3. This shows the reel seat after it has been cut with a Dremel. A band saw / hack saw could also be used with a fine blade. The cutting disc on the Dremel will cut / melt the the graphite reel seat. I prefer using the reinforced cutting wheel. A word of caution: Use appropriate eye / face protection, whichever method you use. The Dremel will have material flying at you because of the direction of the disc rotation. With some pratice, you can make a decent cut that requires minimal sanding to square the edges. The melted / cut edges will clean easily. I often take a scalpel with a #15 blade and back drag it over the edges to remove excess material. The center portion will be discarded which will leave you with the end pieces being applied to your blank.

4. This is what your components should look like prior to application to the blank. You will notice that the trigger portion of the split reel seat has been rounded. I use the Dremel to remove the material. Again, be careful and wear eye / face protection. Material will be flying. I use the coarse sanding drum for the initial work and a the fine drum for the finish work. I will then progress to finer sandpaper applied by hand (wrap sandpaper around a dowel for rounded areas) to deliver a smooth finish. If you are going to apply rod finish to the section between the reel seat, that will cover up most of the raw edges.

5. This is another view of the split reel seat showing that the material has been removed in front of the trigger. This allows easier access to the blank and makes the handle more comfortable to hold.
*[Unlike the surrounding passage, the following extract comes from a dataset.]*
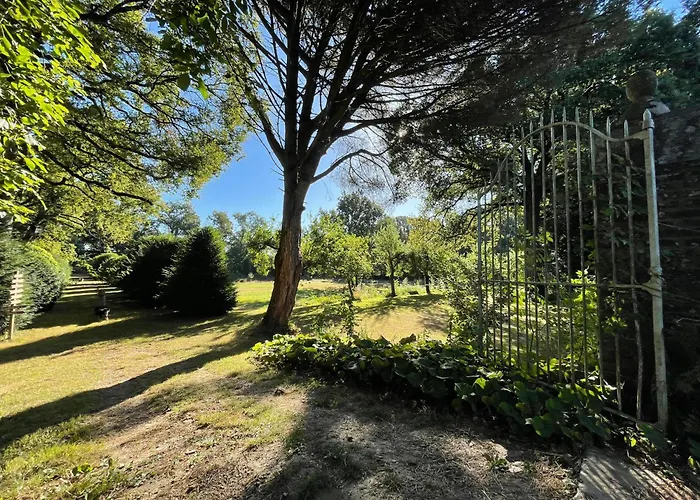 Le Prieure Saint Pierre, Et D'hotes Dans Un Parc Classe 펜션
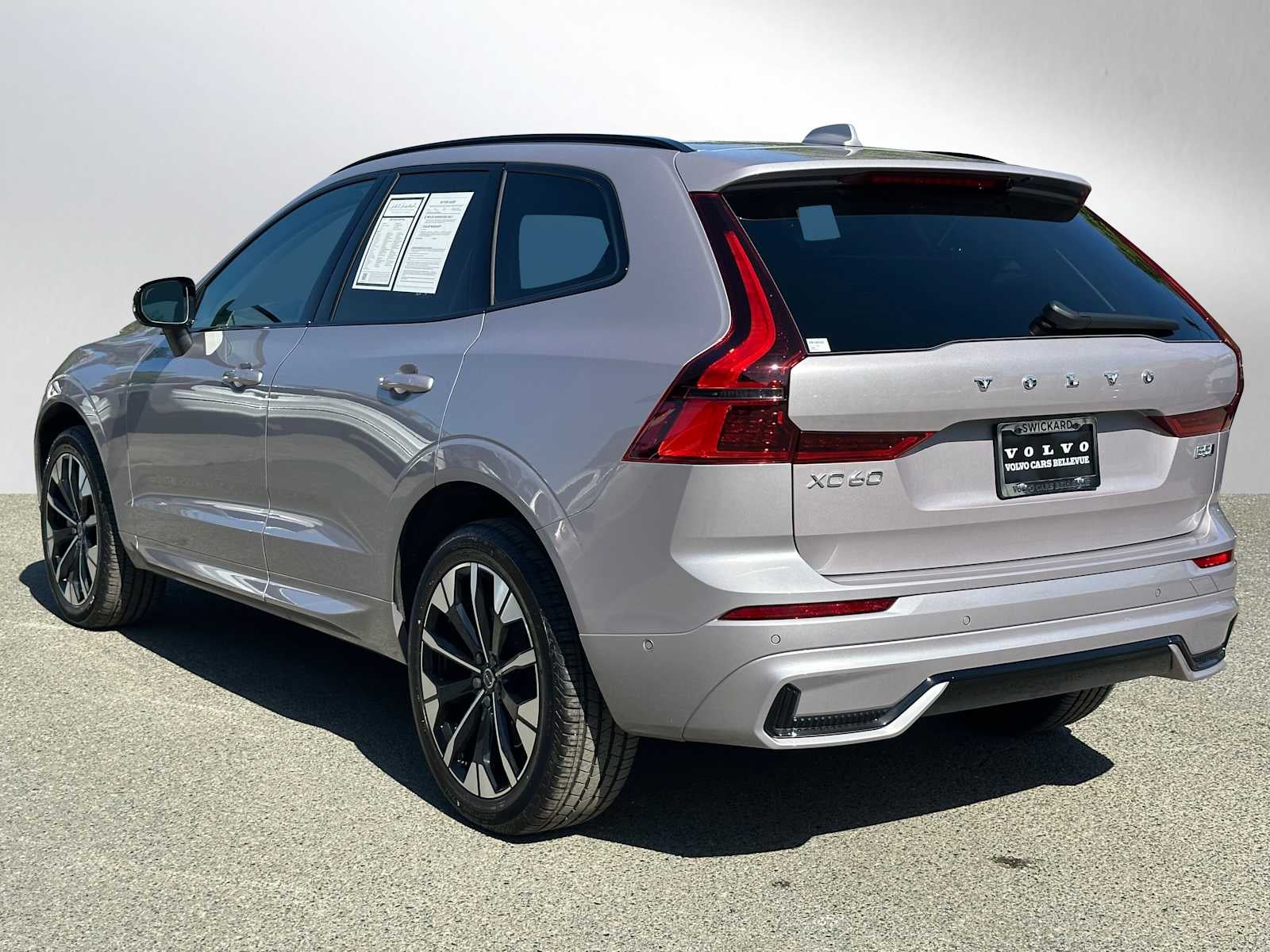 2026 Volvo XC60 Plus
6. This is the end result. The sections are aligned / fitted to the area where they will be permanently attached. The positions are marked, taped off, then lightly sanded with 180 grit sandpaper. The blank is cleaned with alcohol to remove oil and other debris prior to gluing. The components are wrapped with electrical tape to protect them during the glue up. I use two-part epoxy glue to assure a strong bond.
Once the glue has dried, if there is a noticeable gap between the components and the blank, I will apply a 5-minute epoxy to form a "bead" around the edge of the component. You have to work fast, but freshly mixed, the epoxy will run into any gaps providing a more secure bond. You can use a toothpick to eliminate any air bubbles that that may develop. This process will prevent air from being trapped beneath the component and forming air bubbles in the rod finish.
You may notice that there is a small gap between the foot of the reel and the blank. The reason to choose a reel seat as small as possible is to minimize the difference in reel seat / blank diameter. Thus, it makes the rod more comfortable to fish all day long. If the reel seat fits loosely on the blank,
fiberglass sheet rock tape can be used as a spacer...never cardboard or masking tape that may fail sometime in the future. The open mesh construction will allow a better bond to the blank.